Пример #1
0
    def __init__(self):
        starttime = time.clock()
        super(crawl, self).__init__()
        print "    Welcome to the crawler version " + VERSION + "\n"
        for i in USER_AGENT.split():
            print i + "\n ",
        print "\nInitializing"

        self.quit = True
        self.quit_analyze = True
        self.request_time = 0

        #alias should be the last one
        #if not, recrawl will no longer work for alias
        self.item_names = ("level",
                           "badge",
                           "game",
                           "screenshot",
                           "video",
                           "workshop",
                           "recommendation",
                           "guide",
                           "image",
                           "greenlight",
                           "item",
                           "group",
                           "friend",
                           "alias",
                           )
        self.item_search = (r"badges/",
                            r"games/\?tab=all",
                            r"screenshots/",
                            r"videos/",
                            r"myworkshopfiles/",
                            r"recommended/",
                            r"myworkshopfiles/\?section=guides",
                            r"images/",
                            r"myworkshopfiles/\?section=greenlight",
                            r"inventory/",
                            r"groups/",
                            r"friends/",
                            )
        self.item_important = (True,  #level
                               False, #badge
                               True,  #game
                               False, #screenshot
                               False, #video
                               False, #workshop
                               False, #recommendation
                               False, #guide
                               False, #image
                               False, #greenlight
                               False, #item
                               True,  #group
                               True,  #friend
                               False, #alias
                               )
        self.item_upload = list(self.item_important)
        self.item_upload[-1] = True #alias
        self.item_upload = tuple(self.item_upload)

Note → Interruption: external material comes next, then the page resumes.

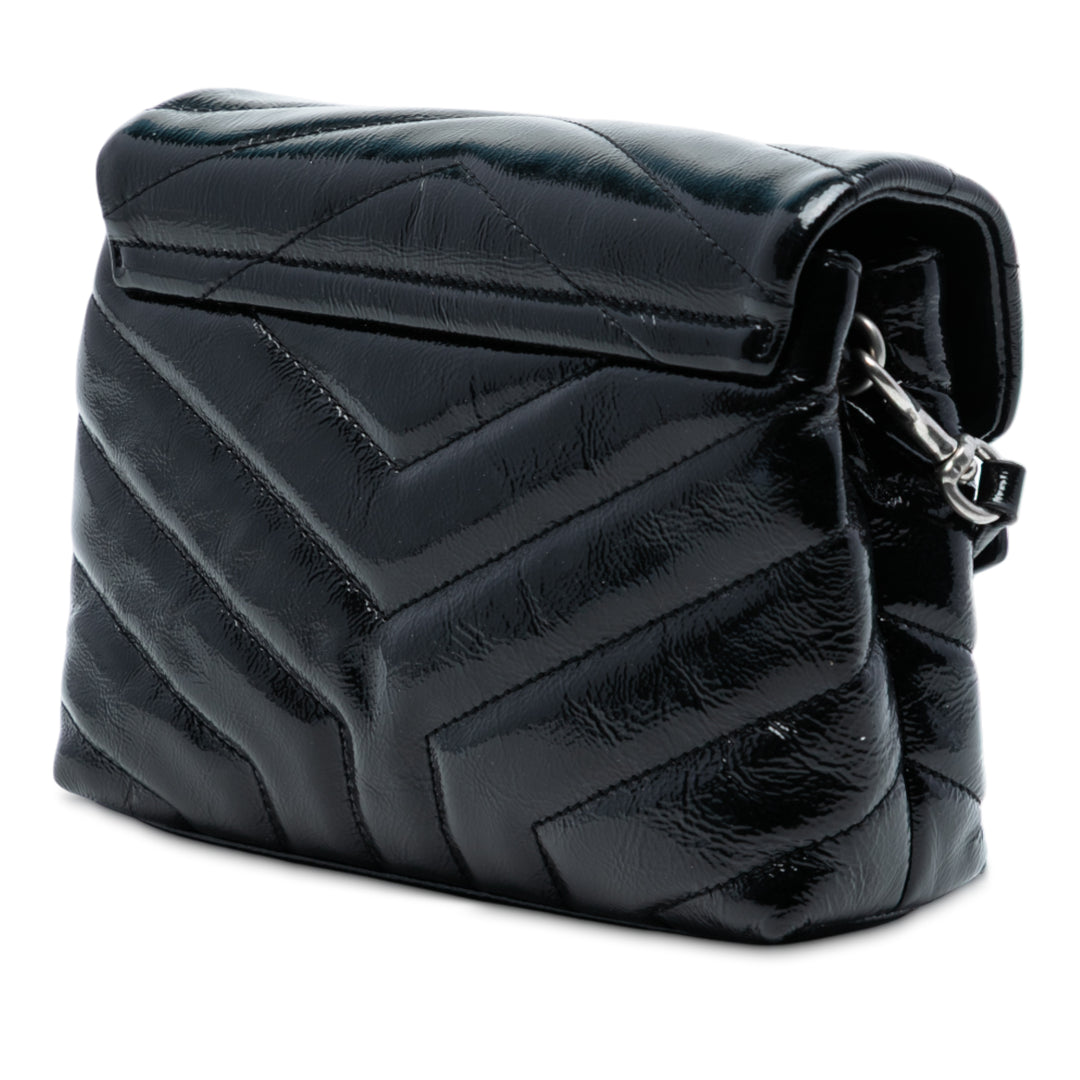 Saint Laurent Toy Matelasse Cuir verni Monogram LouLou Sac porté croisé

        if not file_exists("mem/stats"): print "\nRUNNING THE CRAWLER FOR THE FIRST TIME\n"
        # [start time, crawls, bytes, crawl age, uptime, hi alias]
        self.alltimestats = load_queue("mem/stats", [time.time(), 0.0, 0.0, time.time(), 0.0, 0.0])
        self.queue = load_queue("mem/queue", [FIRST_USER], file_to_queue)
        self.hiscores = load_queue("mem/high", [1] * len(self.item_names), int)
        self.save_times = load_queue("mem/times", [])
        self.save_amounts = load_queue("mem/bytes", [])
        self.bg_images = load_queue("mem/backgrounds", [], file_to_bgurl)
        self.uptime = self.alltimestats[4]
        if file_exists("mem/exists"):
            with open("mem/exists", "rb") as f: self.existlist = f.read()
        else: self.existlist = ""

        self.games = load_dict("mem/games", {})
        self.games_queue = []
        for i in self.bg_images:
            game = bgurl_to_game(i)
            if game not in self.games and game not in self.games_queue: self.games_queue.append(game)

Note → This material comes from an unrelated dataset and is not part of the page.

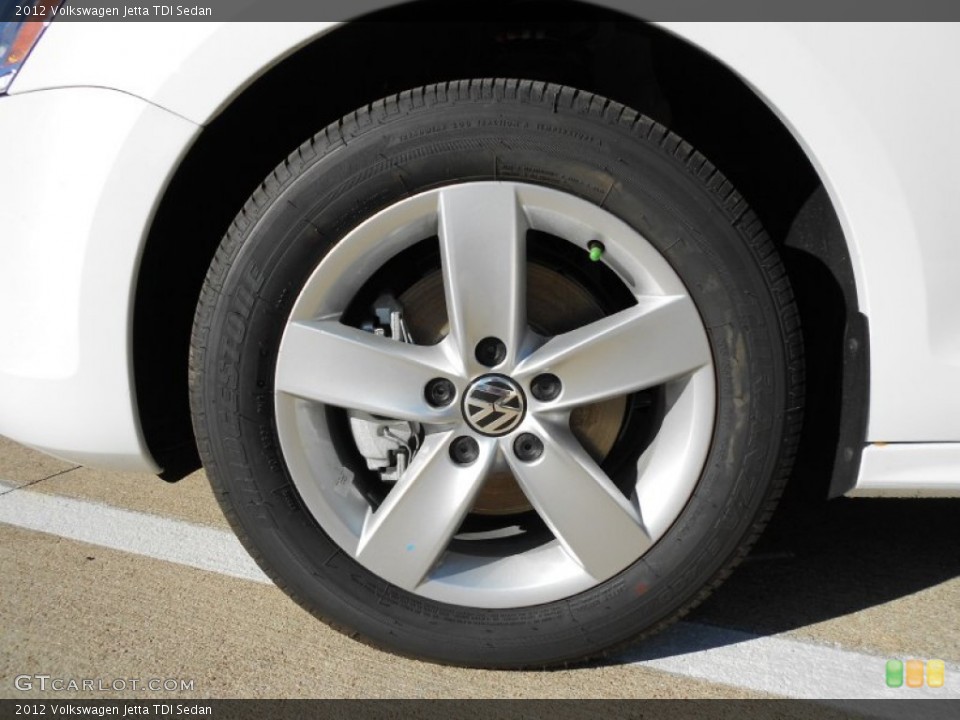 2012 Volkswagen Jetta TDI Sedan Wheel and Tire Photo #56666511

        #regexes and search strings
            #public
        self.re_name = re.compile(r'"personaname":"([^"]*)') # 1
        self.re_steamid = re.compile(r'"steamid":"([^"]*)') # 1
        self.re_customurl = re.compile(r'"url":"([^"]*)') # 1
        self.se_private = "private_profile"
        self.se_noavatar = "fef49e7fa7e1997310d705b2a6158ff8dc1cdfeb_full.jpg"
        self.se_bans = "profile_ban"
            #private
        self.se_background = "has_profile_background"
        self.re_bgimage = re.compile(r"background-image: url\(( ')?([^')]*)") # 2
        self.re_friends      = re.compile(r'steamcommunity\.com/((id|profiles)/[\w-]+)') # 1
        self.re_friend_level = re.compile(r'steamcommunity\.com/((id|profiles)/[\w-]+)[\D]*([\d]*)') # 1 + 3
        self.re_level = re.compile(r'"friendPlayerLevelNum">(\d*)') # 1
            #positions
        self.se_comments = "profile_comment_area"
        self.se_leftcol = "profile_leftcol"
        self.se_rightcol = "profile_rightcol"
        self.se_topfriends = "profile_topfriends"
            #game
        self.re_game = re.compile(r'apphub_AppName[^>]*>([^<]*)') # 1

        #performance stats
        self.crawl_times_sum = 0
        self.crawl_times_amount = 0

        self.request_handler = Request_handler(self.queue)

        self.database = Database(self.item_names, self.item_important, self.item_upload)

        self.next_backup = get_next_backup_time()

        print "  " + str(len(self.queue)) + " users in queue"
        print "  " + str(len(self.bg_images)) + " backgrounds found"
        print "  " + str(len(self.games)) + " games crawled"
        print "  " + str(round(self.uptime / 86400.0, 1)) + " days of crawling time"
        print "Next backup in " + str(round((self.next_backup - time.time()) / 3600.0, 1)) + " hours"
        print "Done initializing",
        print get_time_string(starttime)